Dansu teams bond through performance
BY CHEYANNE KRAMER
OU News Bureau
Dance is a common sport for young girls, since it helps build character and gives young people a sense of teamwork.
The Michigan Dansu community takes group dancing to a different level. There are no competitions and there are no judges.
These teams of dancers often perform during anime and comic conventions around the state. The dancers usually perform in hallways or out-of-the-way corners to entertain people wandering through the venue.
Rowan Lynch has been a part of the Michigan Dansu community for almost two full years, debuting at an anime convention in Lansing, Michigan.
Lynch explained that the Michigan Dansu community is just an informal name for the dance cover community here in Michigan. The community focuses on covering dances made famous by Japanese pop and Korean pop artists, or J-Pop and K-Pop for short.
During Youmacon, Michigan’s biggest anime convention, groups based in Michigan got together to organize the dance cover into a cohesive unit. This happened in 2014, and now dancers are performing during convention-sponsored events in Detroit, Lansing and Dearborn.
Another thing that makes these teams stand out is that there are no studios. These dancers, instead, find a place to meet and practice when they can.
Lynch was once part of a group called Nebula Kiss, where the members decided together where to host practices.
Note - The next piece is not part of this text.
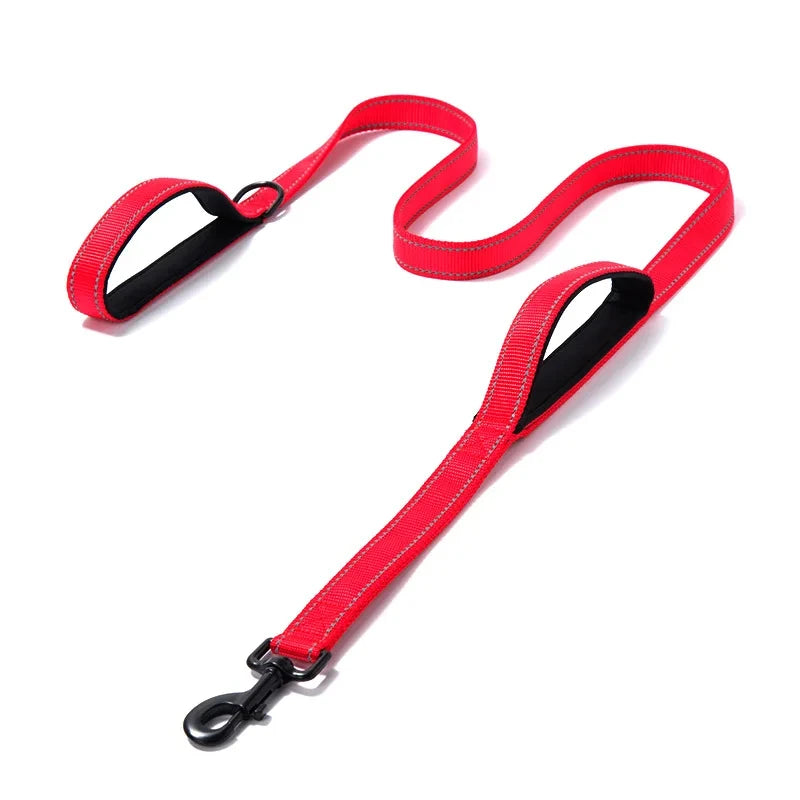 Correa de cinta para perros con doble manija de control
They chose a gym in Ypsilanti, since it was central to most.
“We could pay to use day passes to use class space, where we had mirrors, wood floors and privacy,” Lynch said.
Another dancer, Kayn Kale, has danced since middle school, uploading dance cover videos to YouTube since 2008.
“It’s a place for us dancers to come together and form bonds and work together to show off our hard work,” Kale said.
Now, Lynch has started the team ELECTRIK, which practices in lounges at the University of Michigan and in spare classrooms at Eastern Michigan University.
At Washi Con, a convention hosted by students at Eastern Michigan University, ELECTRIK performed in the maid café for patrons.
“Most of the convention prep happened over the holidays, and a lot of us weren’t available at the same time,” Lynch said. “Some of us met up with others living near us to practice a few times, but we didn’t actually get to practice as a whole group until the morning of Washi Con.”
“I’m really proud and thankful we pulled together the way we did.”
Lynch thinks what sets the dance cover community apart from any other dance team or collective is that these communities come from an appreciation of Japanese and Korean idol culture.
For some collectives, Lynch explained that performers will take on the role of a specific character or real dancer. For example, the group AKB0048 is based on the real life idol group AKB48.
“AKB0048 is a place where you work hard to become someone else,” Lynch said. “We dance to express or love for these songs and characters. It’s how we relate.”
Kale had a similar inspiration in her reasons behind performing dance covers.
“My love for idols inspired me to upload my covers as a way that I could show my support for them,” Kale said.
Lynch said members of the same dance team will occasionally stay together in the same hotel for conventions and help each other get ready.
“In Nebula Kiss, it’s typical for the members to stick together and run around the convention the day of because when everyone is together, you really look like a squad and it’s the coolest thing,” Lynch said. “It’s a lot of running around, but dancing and seeing our audience have fun is really worth it.”
Back when Kale began dancing, there was no collective community like Michigan Dansu.
“I always used to dream and pray that I could find others like me, and now I have,” Kale said. “I am so blessed to have been able to watch this community grow, and I have made truly beautiful friendships as a result.”